Thank God for Black Radio

Driving home from work, I noticed something odd. For the last few days, at 1:00 at my local Sacramento public radio station KXJZ, I was listening to a program that didn't sound like a bunch of cackling hyenas or screeching bluejays doped up on coke. It was sensible, rational, interviewed Ralph Nader, talked about the NAACP without mentioning extortion... I didn't want to throw a coffee mug at the radio.

Then it hit me: This was a program with a black anchor and black voices.

It wasn't just tepid white liberalism, either. Here was real social commentary. I was having to constrain the urge to openly applaud.

Today talked about Ralph Nader using the "N word" to express how he felt in this country. Now, I agree with the pundits that for a privileged white male to claim that his experience is anything like the black folks who were and are called that is, umm, sort of racist. I also thought that Nader's statement that he never "made mistakes" like that when he was speaking was laughable and totally indicated how self-absorbed he is. If people are offended by your speech, fuggin apologize. Even if your position doesn't change, you can certainly say, "Look, I wasn't trying to offend anyone for publicity." The best of intentions don't excuse that, ESPECIALLY when speaking to your logical allies.

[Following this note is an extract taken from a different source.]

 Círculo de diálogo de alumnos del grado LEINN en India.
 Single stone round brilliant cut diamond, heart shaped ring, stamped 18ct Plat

However, I felt that they were giving the hip hop generation of black youth too hard of a time. Though not a member of the black community, I can see more generally that even very hateful words like the N word can actually be used in very different contexts in very different ways. Equally offensive words (at least historically), like wop or paddy or dago or Jew (the latter in the usage and the application of it to things the speaker things are bad, like "lame" or "gay" or "retarded"), can also be used very differently.

After all, the N word won't disappear if black people don't say it.

The pundits had also talked about the Supreme Court. There seems to be an increasing chance that Rehnquist will retire and Scalia will take the seat.

First of all, let me point out that despite the Supreme Court's disgraceful partisanship in Bush v. Gore, I must respect the conservatives there, even Scalia. After all, in the recent case that established the right of cities to take away private land for private economic development (a woeful decision to privilege the right of economic elites over ordinary citizens), Scalia and Rehnquist voted nay. But a switch of Scalia to the Supreme Court chair, I think, would have more impact than is commonly stated: The Chief Justice does quite a bit more than we imagine.